My take is pretty simple: everyone needs to go outside and touch grass. Candidates should spend more time campaigning and talking to voters than reading their replies. Different kinds of content serves different purposes: some persuades, some mobilizes, and some does both. In 2026, a candidate, or political operation, that understands how to effectively communicate online, break through noise, and have that message resonate naturally is a massive asset. We need to invest in building the people who can deliver that.
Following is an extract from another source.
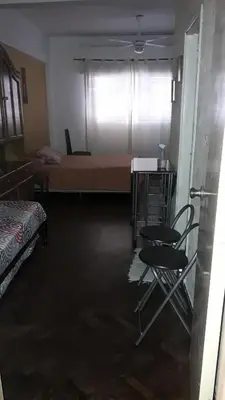 a room with a bed and a table and chairs at CARLOS PAZ, Dpto, 3 Huésped in Villa Carlos Paz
Regardless of whether this election is a referendum on Trump, Democrats still need their own theory of the case for how to move forward. And part of that theory has to include how we develop the next generation of strategists who can navigate these tensions with the judgment they require.
PS - last year I made the “Redzone” video with Jackson Boaz. Many people have asked me what our trick was to this - and it’s exactly what I wrote about in this article. The McMorrow team hired and empowered digital talent early on and gave them a seat at the leadership table. In large part kudos to Mallory, but specifically her ad makers at Thematic, Brad Elkins. We built a foundation of trust together, and when a cultural moment happened, we were able to back out of that cultural moment and move fast based on the trust that we built. Most people don’t know this - but the day we filmed, I had to ask the campaign manager to pull down call time so we could film for an hour. How many CM’s are willing to give that to their digital team? Only the ones that have foundational trust in the vision. The result was incredible. Some might argue it didn’t translate to votes - but it sure as hell changed the tides.


This is so important. You have to go where people are looking. And you are right. This has to be about so much more than beat Donald Trump.
Great takes Alli. As someome with a background in marketing who moved over to the political space, I am flabbergasted at how behind we are in this endeavor. This was the conversation we were having in ad agencies in 2010 when digital strategies and tactics stated taking up much more space in conversations, budgets, and media plans. At some point, we stopped referring to certain roles, campaigns or tactics as traditional vs digital—it’s just all digital. This is the world we live in. It’s time for the political establishment to catch up. Which isn’t done by overanalyzing into oblivion and pointing fingers. It’s rapid fire cycles of production, deployment, testing, and iteration. But as you acknowledged, this requires risk and trust. (And tbh, I think, guidance from people outside the industry, too.)